__WHAT IS EXPECTED__: Transcribe the entries that come next exactly, but not the pictures they contain.

__Stored records__:
>>
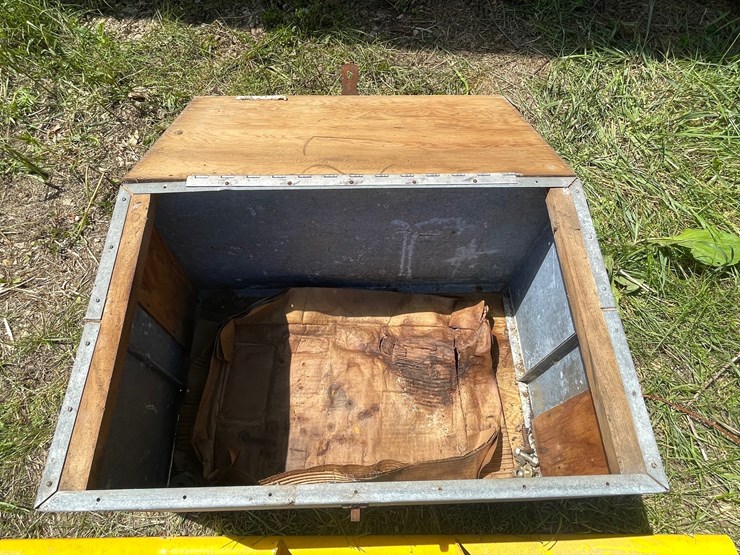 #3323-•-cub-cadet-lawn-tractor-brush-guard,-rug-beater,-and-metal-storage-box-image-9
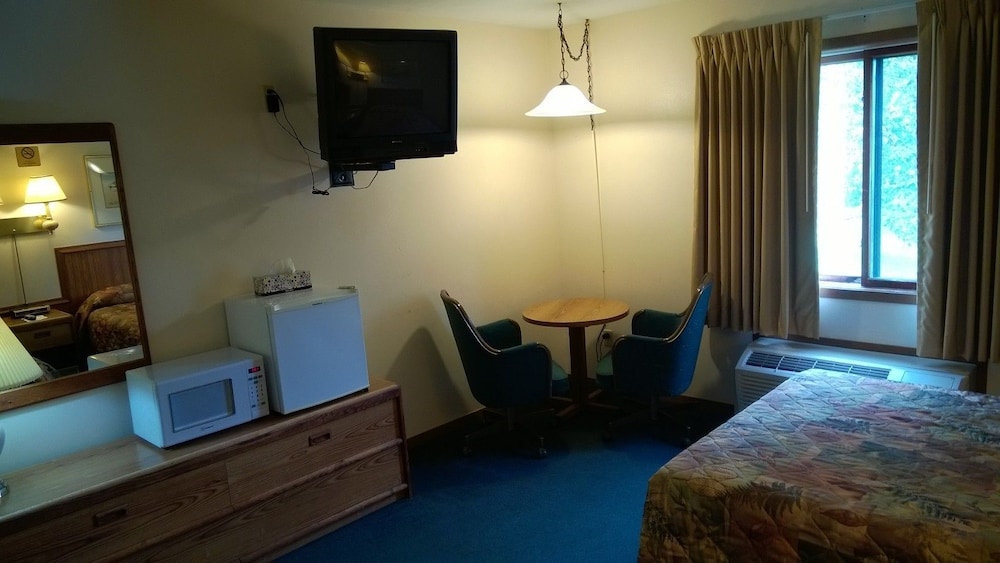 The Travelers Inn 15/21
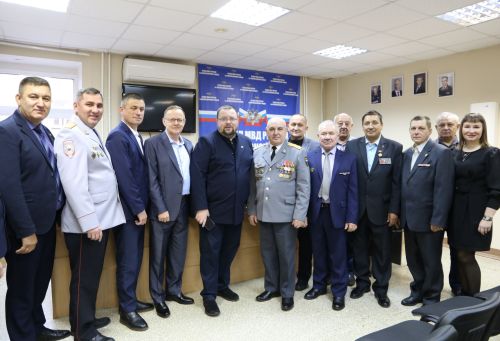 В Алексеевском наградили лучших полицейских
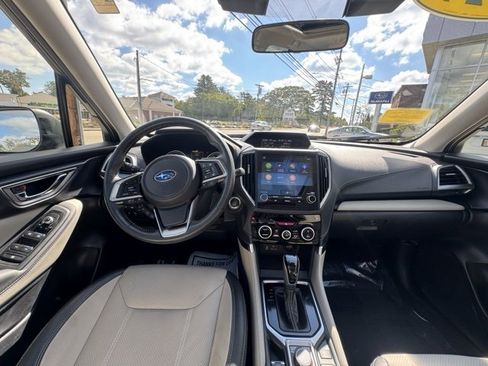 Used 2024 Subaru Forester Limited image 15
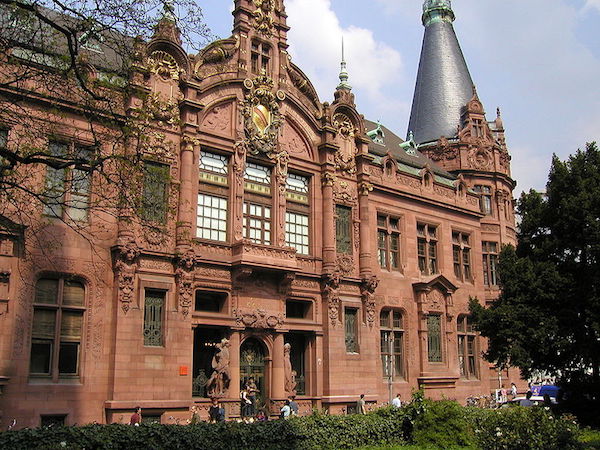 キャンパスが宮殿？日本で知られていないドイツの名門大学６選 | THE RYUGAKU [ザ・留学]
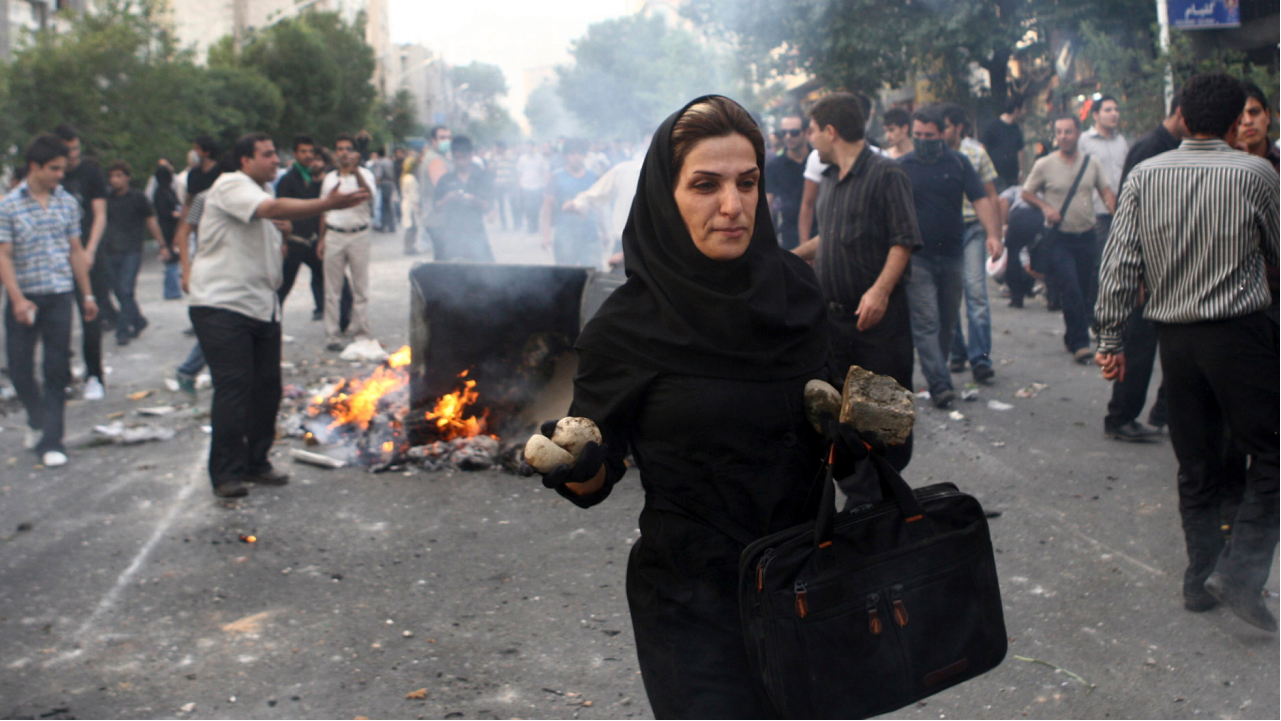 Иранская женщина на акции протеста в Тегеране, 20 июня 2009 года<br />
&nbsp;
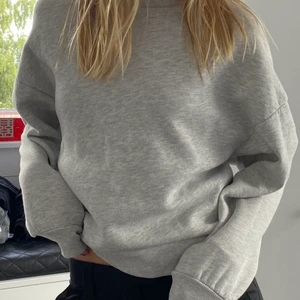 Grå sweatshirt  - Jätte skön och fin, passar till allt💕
<<
__EXERCISE RESPONSE__:
 #3323-•-cub-cadet-lawn-tractor-brush-guard,-rug-beater,-and-metal-storage-box-image-9
 The Travelers Inn 15/21
 В Алексеевском наградили лучших полицейских
 Used 2024 Subaru Forester Limited image 15
 キャンパスが宮殿？日本で知られていないドイツの名門大学６選 | THE RYUGAKU [ザ・留学]
 Иранская женщина на акции протеста в Тегеране, 20 июня 2009 года<br />
&nbsp;
 Grå sweatshirt  - Jätte skön och fin, passar till allt💕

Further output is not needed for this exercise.